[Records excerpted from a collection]
####################

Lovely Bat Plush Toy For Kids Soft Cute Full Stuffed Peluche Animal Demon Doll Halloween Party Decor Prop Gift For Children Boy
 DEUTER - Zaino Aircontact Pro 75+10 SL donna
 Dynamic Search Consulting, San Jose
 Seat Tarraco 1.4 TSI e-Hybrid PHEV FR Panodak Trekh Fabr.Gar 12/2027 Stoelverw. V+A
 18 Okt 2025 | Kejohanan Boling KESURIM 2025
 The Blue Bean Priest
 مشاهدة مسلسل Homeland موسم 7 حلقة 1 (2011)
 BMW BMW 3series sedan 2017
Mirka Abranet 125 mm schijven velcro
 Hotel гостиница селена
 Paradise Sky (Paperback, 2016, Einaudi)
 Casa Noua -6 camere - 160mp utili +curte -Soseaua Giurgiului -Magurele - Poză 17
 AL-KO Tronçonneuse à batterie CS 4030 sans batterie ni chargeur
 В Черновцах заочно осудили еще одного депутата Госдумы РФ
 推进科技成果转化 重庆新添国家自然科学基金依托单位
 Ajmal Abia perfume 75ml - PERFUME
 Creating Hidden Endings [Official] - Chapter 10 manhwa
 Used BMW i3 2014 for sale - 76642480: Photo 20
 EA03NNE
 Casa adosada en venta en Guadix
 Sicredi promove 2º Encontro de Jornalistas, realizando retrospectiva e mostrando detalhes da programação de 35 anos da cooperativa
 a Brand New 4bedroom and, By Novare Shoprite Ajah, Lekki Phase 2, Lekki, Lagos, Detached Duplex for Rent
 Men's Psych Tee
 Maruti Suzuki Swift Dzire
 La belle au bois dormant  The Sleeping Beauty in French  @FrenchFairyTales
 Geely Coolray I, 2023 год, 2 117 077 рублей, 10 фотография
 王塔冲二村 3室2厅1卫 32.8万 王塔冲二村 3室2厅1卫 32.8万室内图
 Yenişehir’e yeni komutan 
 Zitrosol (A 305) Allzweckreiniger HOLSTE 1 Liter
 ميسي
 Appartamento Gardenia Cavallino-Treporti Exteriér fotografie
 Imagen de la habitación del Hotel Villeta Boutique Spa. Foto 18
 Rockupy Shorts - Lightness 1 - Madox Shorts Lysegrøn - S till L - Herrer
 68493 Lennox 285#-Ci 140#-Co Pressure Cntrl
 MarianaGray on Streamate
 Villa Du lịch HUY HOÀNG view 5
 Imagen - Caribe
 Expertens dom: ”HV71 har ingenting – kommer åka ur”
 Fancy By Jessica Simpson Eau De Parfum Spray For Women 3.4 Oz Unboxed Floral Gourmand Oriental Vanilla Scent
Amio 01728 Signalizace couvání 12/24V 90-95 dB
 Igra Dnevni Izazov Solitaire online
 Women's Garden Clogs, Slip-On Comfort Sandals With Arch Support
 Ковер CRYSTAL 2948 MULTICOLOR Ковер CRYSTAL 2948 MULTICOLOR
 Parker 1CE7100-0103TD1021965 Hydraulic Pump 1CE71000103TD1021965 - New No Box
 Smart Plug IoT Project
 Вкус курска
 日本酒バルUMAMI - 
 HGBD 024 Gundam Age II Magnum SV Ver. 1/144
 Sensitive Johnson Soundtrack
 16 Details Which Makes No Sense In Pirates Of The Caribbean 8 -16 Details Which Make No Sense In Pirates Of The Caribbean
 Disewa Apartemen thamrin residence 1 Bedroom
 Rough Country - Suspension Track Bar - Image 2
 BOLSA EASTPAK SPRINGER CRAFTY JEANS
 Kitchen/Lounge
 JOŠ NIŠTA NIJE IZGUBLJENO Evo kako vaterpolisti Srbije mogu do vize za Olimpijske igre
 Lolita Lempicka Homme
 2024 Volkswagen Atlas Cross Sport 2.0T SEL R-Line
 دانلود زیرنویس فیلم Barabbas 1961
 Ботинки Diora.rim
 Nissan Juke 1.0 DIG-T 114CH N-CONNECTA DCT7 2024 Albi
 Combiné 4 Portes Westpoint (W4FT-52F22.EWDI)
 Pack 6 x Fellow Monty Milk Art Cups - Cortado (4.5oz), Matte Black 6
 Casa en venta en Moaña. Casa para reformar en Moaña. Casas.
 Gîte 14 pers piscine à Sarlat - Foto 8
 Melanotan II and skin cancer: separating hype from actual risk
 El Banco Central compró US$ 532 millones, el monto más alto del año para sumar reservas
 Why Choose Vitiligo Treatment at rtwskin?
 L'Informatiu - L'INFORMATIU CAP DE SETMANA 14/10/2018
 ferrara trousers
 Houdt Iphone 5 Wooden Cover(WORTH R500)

####################

Directions: Make a copy of each line in the records above that has the word "Casa".

Result of the exercise:
 Casa Noua -6 camere - 160mp utili +curte -Soseaua Giurgiului -Magurele - Poză 17
 Casa adosada en venta en Guadix
 Casa en venta en Moaña. Casa para reformar en Moaña. Casas.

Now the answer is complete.